**Task details**
Return all of the data exactly, omitting any images.

**Recorded data**
[Start of Attachment]

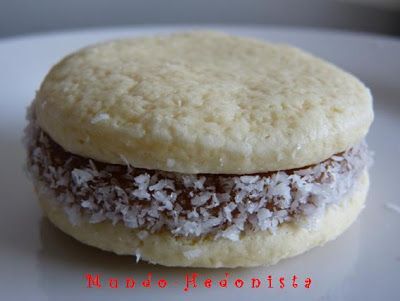 Alfajores argentinos con dulce de leche - Receta Petitchef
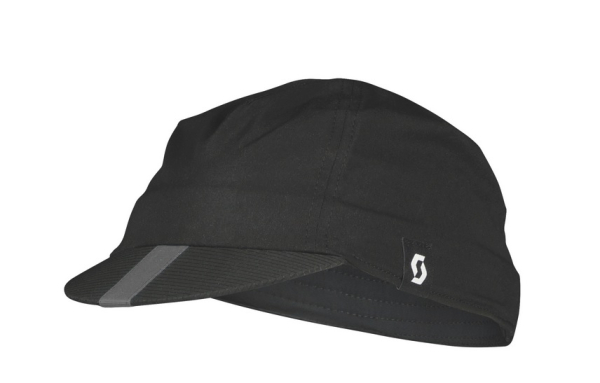 Scott Gravel Kerékpáros Sapka - fekete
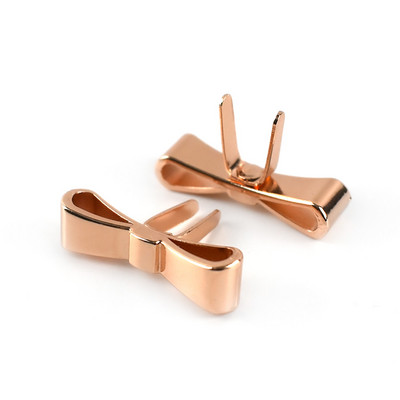 10/20 vnt Deepeel 27*7mm metalinių batų sagtys "pasidaryk pats" krepšio dekoravimas šoninis segtukas sagtis Drabužių etiketė Siuvimo aparatūros priedai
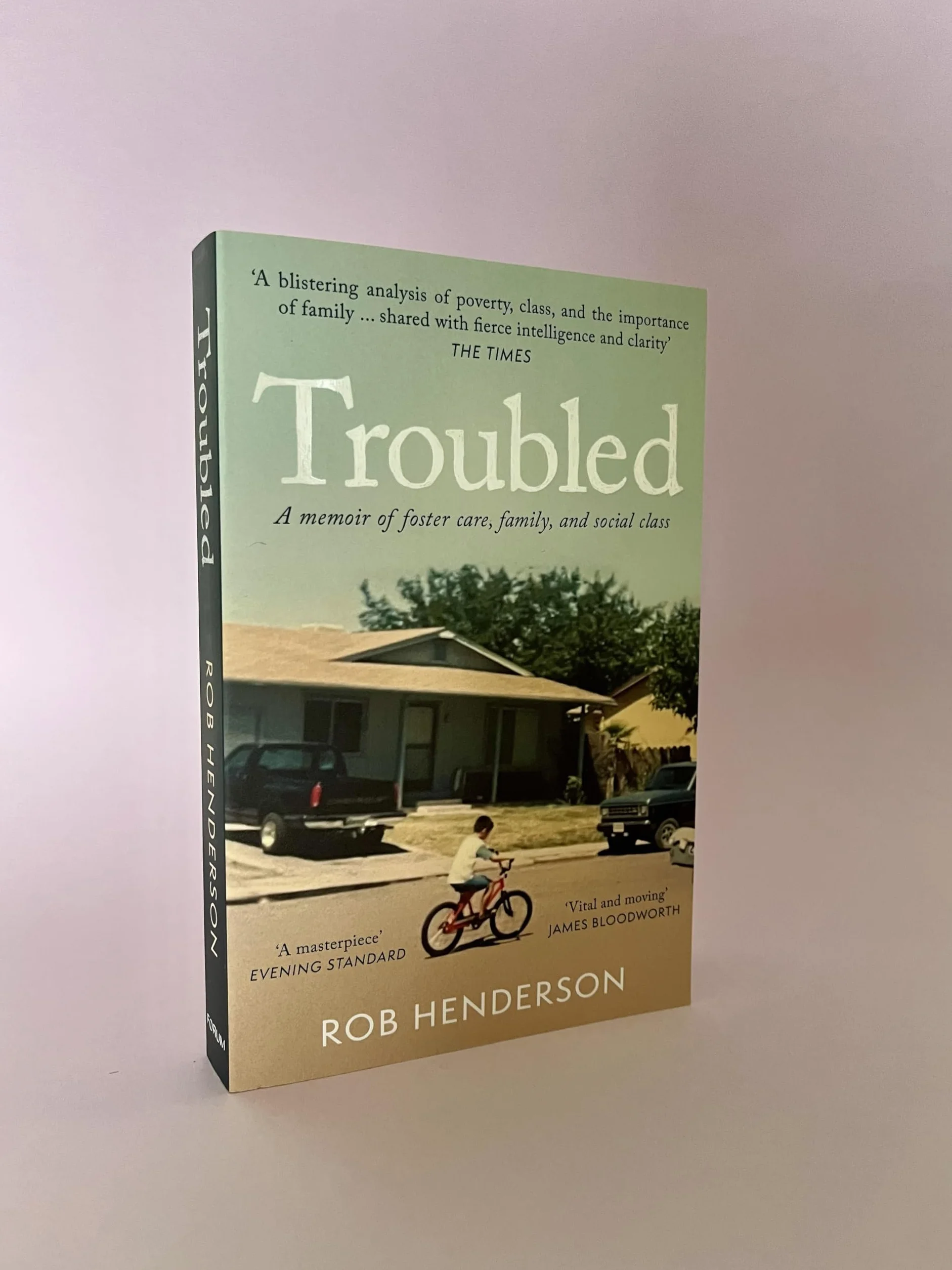 Troubled: A Memoir of Foster Care, Family, and Social Class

[End of Attachment]

**Output below**
 Alfajores argentinos con dulce de leche - Receta Petitchef
 Scott Gravel Kerékpáros Sapka - fekete
 10/20 vnt Deepeel 27*7mm metalinių batų sagtys "pasidaryk pats" krepšio dekoravimas šoninis segtukas sagtis Drabužių etiketė Siuvimo aparatūros priedai
 Troubled: A Memoir of Foster Care, Family, and Social Class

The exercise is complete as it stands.